* [Aim of the exercise]: In the entries below, begin at the line with "Man in Red Suit Sitting on Hill" and stop after the line with "Adjustable copper ring"; output those lines exactly and omit the pictures.

* [Supplied material]:
##########
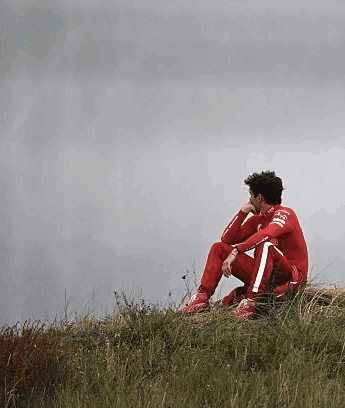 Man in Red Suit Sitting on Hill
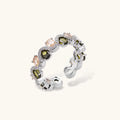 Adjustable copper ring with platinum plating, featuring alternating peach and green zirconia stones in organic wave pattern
##########
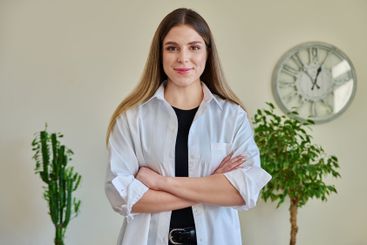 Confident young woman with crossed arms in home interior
##########
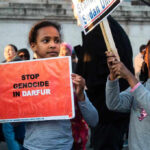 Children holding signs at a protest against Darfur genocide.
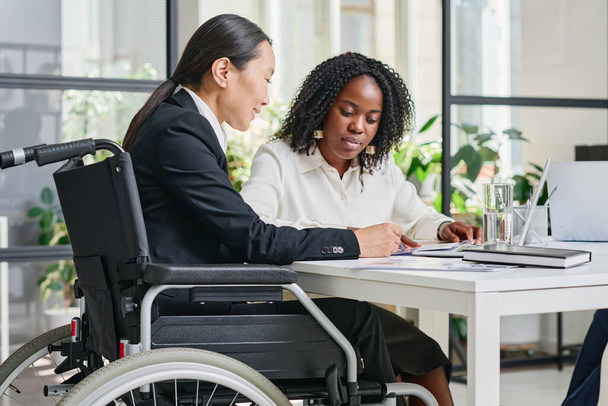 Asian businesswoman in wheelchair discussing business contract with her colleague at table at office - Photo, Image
##########
* [The answer]:
 Man in Red Suit Sitting on Hill
 Adjustable copper ring with platinum plating, featuring alternating peach and green zirconia stones in organic wave pattern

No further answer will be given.